» THE DATA:
^^^^^^^^^^^^^^^^
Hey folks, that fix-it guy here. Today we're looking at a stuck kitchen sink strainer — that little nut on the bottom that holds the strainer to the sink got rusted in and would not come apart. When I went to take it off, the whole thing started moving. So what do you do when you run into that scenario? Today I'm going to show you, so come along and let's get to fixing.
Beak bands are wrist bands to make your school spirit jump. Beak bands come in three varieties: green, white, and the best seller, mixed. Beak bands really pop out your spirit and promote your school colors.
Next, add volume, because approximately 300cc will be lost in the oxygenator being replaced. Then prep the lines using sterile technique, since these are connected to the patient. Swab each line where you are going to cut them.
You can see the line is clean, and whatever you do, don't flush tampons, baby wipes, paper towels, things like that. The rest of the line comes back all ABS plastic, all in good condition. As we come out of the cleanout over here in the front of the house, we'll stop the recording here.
^^^^^^^^^^^^^^^^
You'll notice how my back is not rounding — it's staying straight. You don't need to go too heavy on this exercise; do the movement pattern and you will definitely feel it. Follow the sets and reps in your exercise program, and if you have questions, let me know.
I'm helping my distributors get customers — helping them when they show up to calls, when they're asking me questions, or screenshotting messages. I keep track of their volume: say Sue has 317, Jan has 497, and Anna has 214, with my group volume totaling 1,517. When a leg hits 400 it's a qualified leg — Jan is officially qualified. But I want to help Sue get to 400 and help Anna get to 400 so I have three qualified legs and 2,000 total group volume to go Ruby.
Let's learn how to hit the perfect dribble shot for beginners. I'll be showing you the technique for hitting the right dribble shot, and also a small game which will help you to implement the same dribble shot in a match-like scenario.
^^^^^^^^^^^^^^^^
» YOUR OBJECTIVE:
Above is a listing; print exactly its lines from the one with "I'm helping my" through the one with "Let's learn how", and no other lines.

» SOLUTION FOR THIS PROBLEM:
I'm helping my distributors get customers — helping them when they show up to calls, when they're asking me questions, or screenshotting messages. I keep track of their volume: say Sue has 317, Jan has 497, and Anna has 214, with my group volume totaling 1,517. When a leg hits 400 it's a qualified leg — Jan is officially qualified. But I want to help Sue get to 400 and help Anna get to 400 so I have three qualified legs and 2,000 total group volume to go Ruby.
Let's learn how to hit the perfect dribble shot for beginners. I'll be showing you the technique for hitting the right dribble shot, and also a small game which will help you to implement the same dribble shot in a match-like scenario.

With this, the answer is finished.